WORK REQUIRED
The records that follow are to be repeated exactly, without any pictures.
··· MATERIAL FOR THIS EXERCISE ···
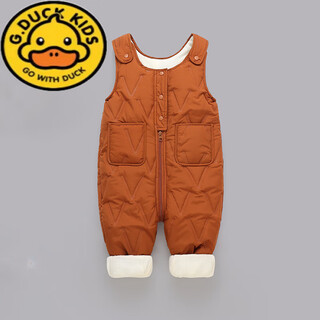 G.duckkids children's overalls for boys and girls in autumn and winter all-in-one velvet cotton pants for babies with open stalls for children and infants thickened outer pants coffee color plus velvet and thickened 100 yards (recommended for two and a half to three and a half years old)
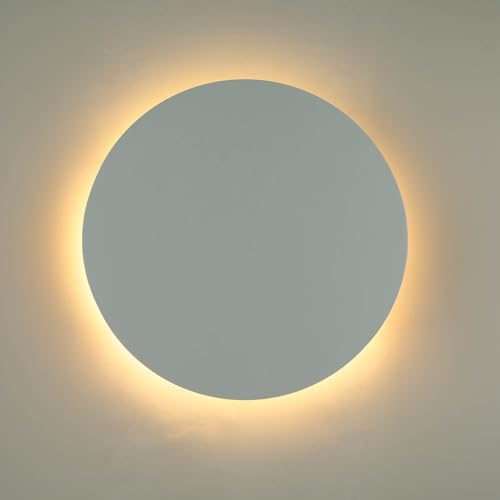 Wandlampe Weiß Metall Ø 40 cm rund flach Modern Weiß indirektes Licht Wohnzimmer Flur Wandleuchte Wandlampe Weiß Metall Ø 40 cm rund flach Modern Weiß indirektes Licht Wohnzimmer Flur Wandleuchte von Licht-Erlebnisse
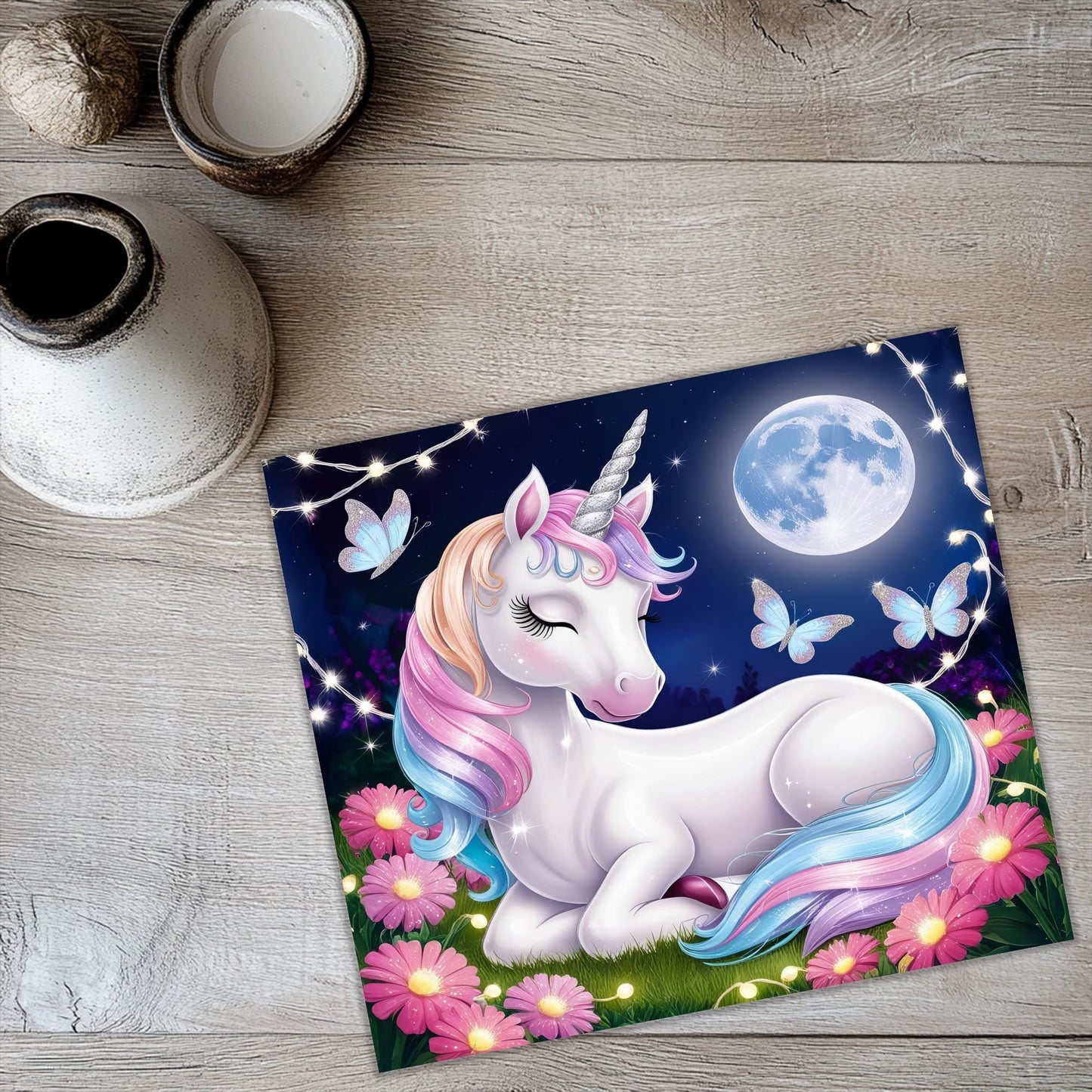 a picture of a unicorn on a table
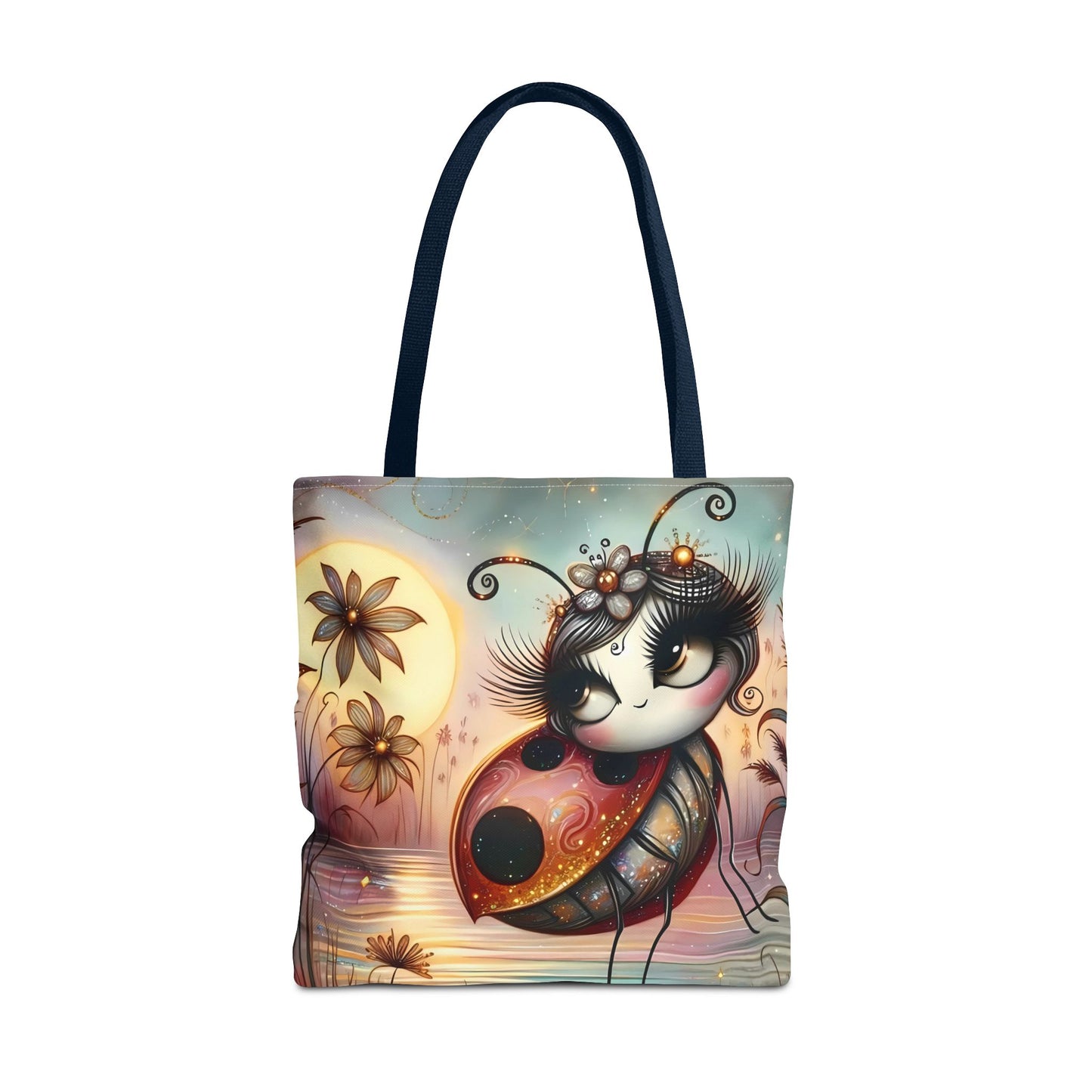 🐞 Mariquita sobre una flor junto al lago – Bolsa de tela inspirada en la naturaleza
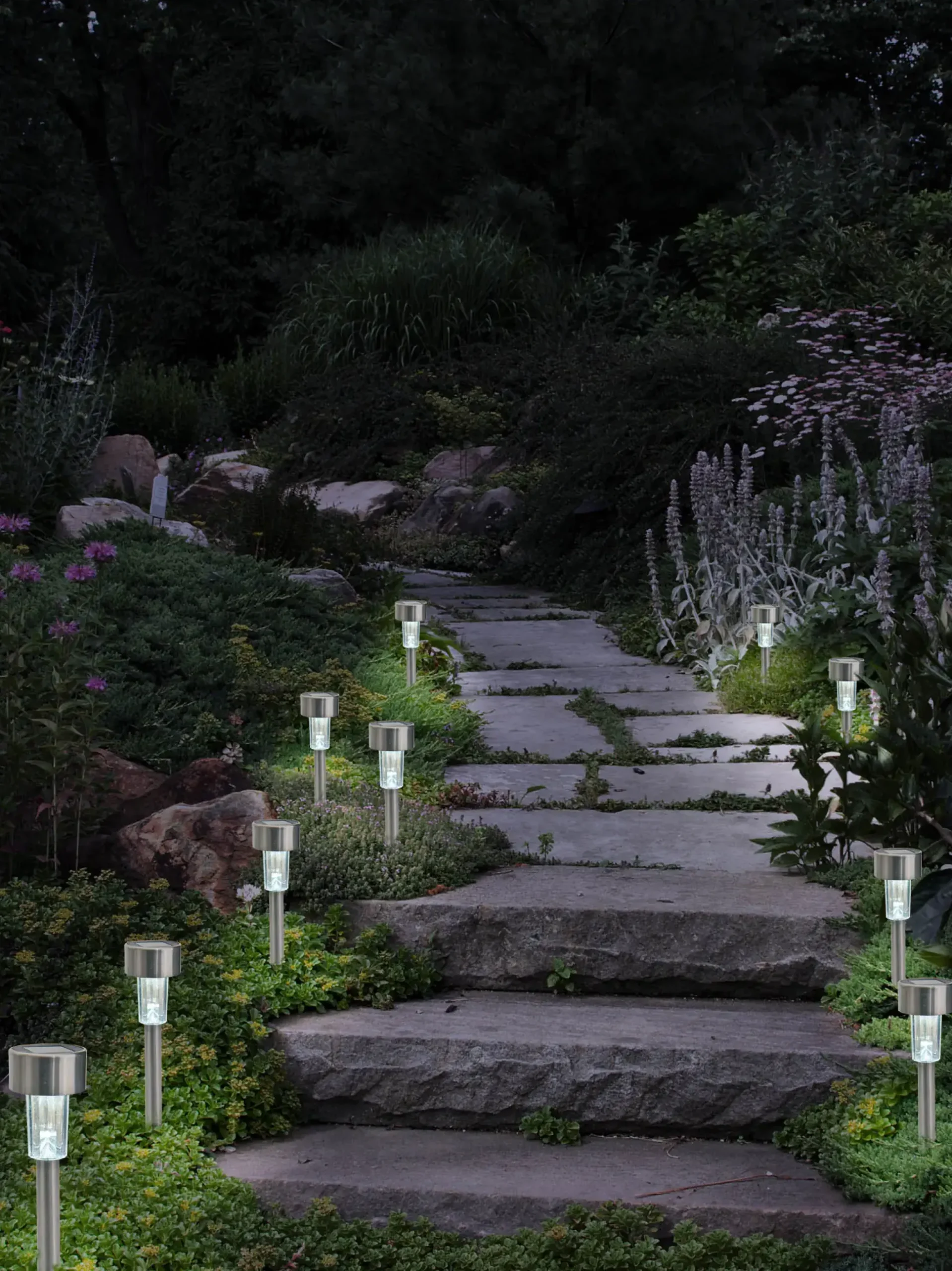 Light & More LED Solarleuchte silber edelstahl 36 cm kaltweiß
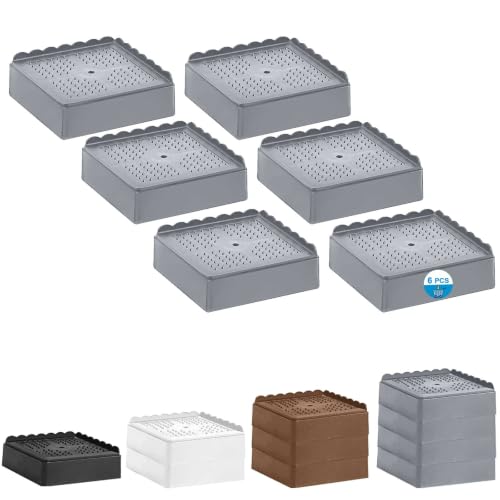 Bed Risers 1 inch, 2 inch, 3 inch, 4 inch Heavy Duty, Adjustable Furniture Riser for Table Desk Couch Sofa Chair Recliner Leg Frame Dorm, Stackable Bed Raisers Blocks (Grey 6 Pack, 1 inch) - color: Grey 6 Pack, size: 1 Inch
···
YOUR RESPONSE
 G.duckkids children's overalls for boys and girls in autumn and winter all-in-one velvet cotton pants for babies with open stalls for children and infants thickened outer pants coffee color plus velvet and thickened 100 yards (recommended for two and a half to three and a half years old)
 Wandlampe Weiß Metall Ø 40 cm rund flach Modern Weiß indirektes Licht Wohnzimmer Flur Wandleuchte Wandlampe Weiß Metall Ø 40 cm rund flach Modern Weiß indirektes Licht Wohnzimmer Flur Wandleuchte von Licht-Erlebnisse
 a picture of a unicorn on a table
 🐞 Mariquita sobre una flor junto al lago – Bolsa de tela inspirada en la naturaleza
 Light & More LED Solarleuchte silber edelstahl 36 cm kaltweiß
 Bed Risers 1 inch, 2 inch, 3 inch, 4 inch Heavy Duty, Adjustable Furniture Riser for Table Desk Couch Sofa Chair Recliner Leg Frame Dorm, Stackable Bed Raisers Blocks (Grey 6 Pack, 1 inch) - color: Grey 6 Pack, size: 1 Inch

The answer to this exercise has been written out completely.